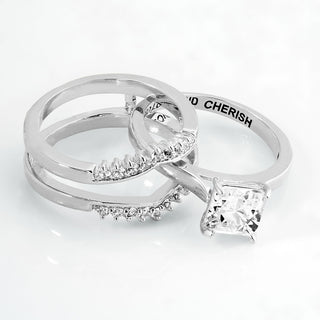 Platinum over Sterling Square White Topaz Solitaire with Enhancer Engraved Engagement Ring Set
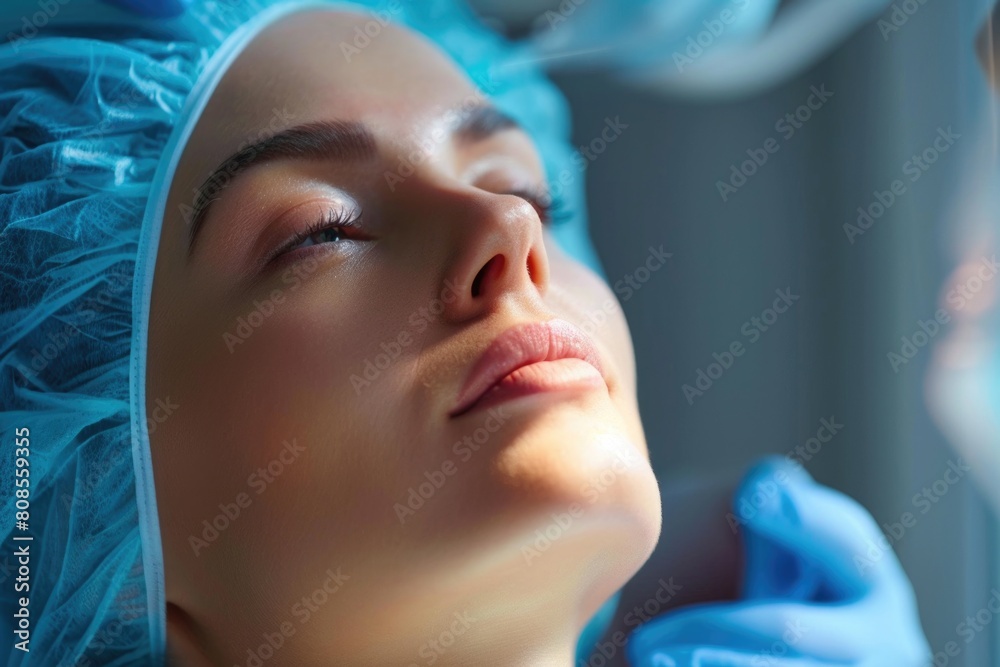 A woman is wearing a blue surgical mask and is looking at the camera. She is in a hospital setting A woman is wearing a blue surgical mask and is looking at the camera. She is in a hospital setting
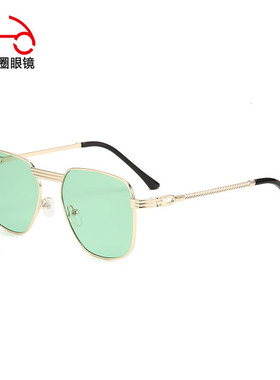 两个圈 新款潮流海洋片女士太阳镜金属全框墨镜大框个性眼镜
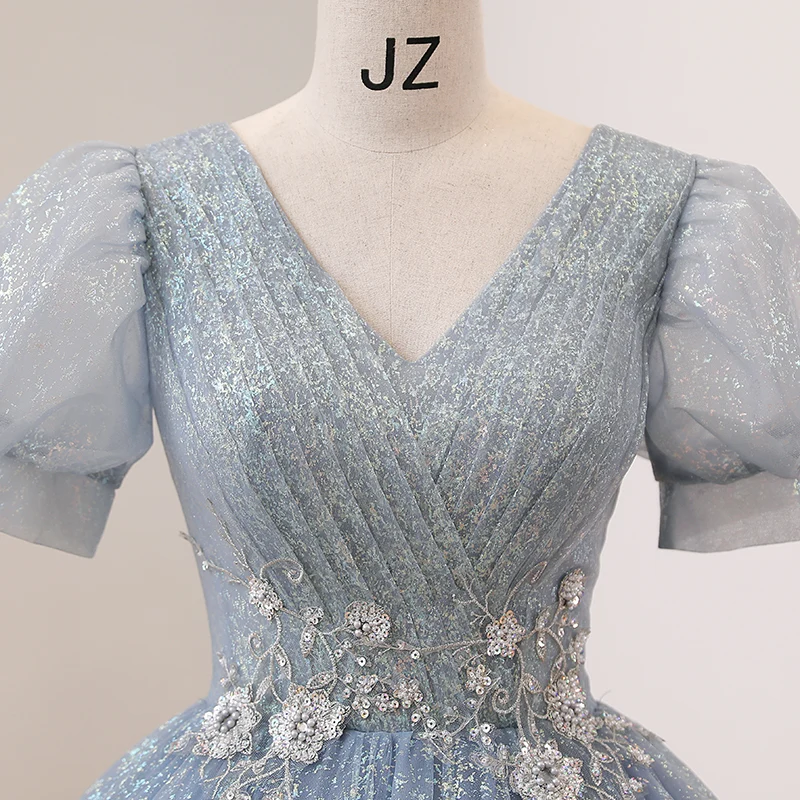 Robe de Quinceanera bleu poussiéreux à col en V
┄┄┄┄┄┄┄┄┄┄┄┄┄┄┄┄┄┄┄┄
Retype the whole listing. Keep every word exact but include no pictures.

THE ANSWER>
 Platinum over Sterling Square White Topaz Solitaire with Enhancer Engraved Engagement Ring Set
 A woman is wearing a blue surgical mask and is looking at the camera. She is in a hospital setting A woman is wearing a blue surgical mask and is looking at the camera. She is in a hospital setting
 两个圈 新款潮流海洋片女士太阳镜金属全框墨镜大框个性眼镜
 Robe de Quinceanera bleu poussiéreux à col en V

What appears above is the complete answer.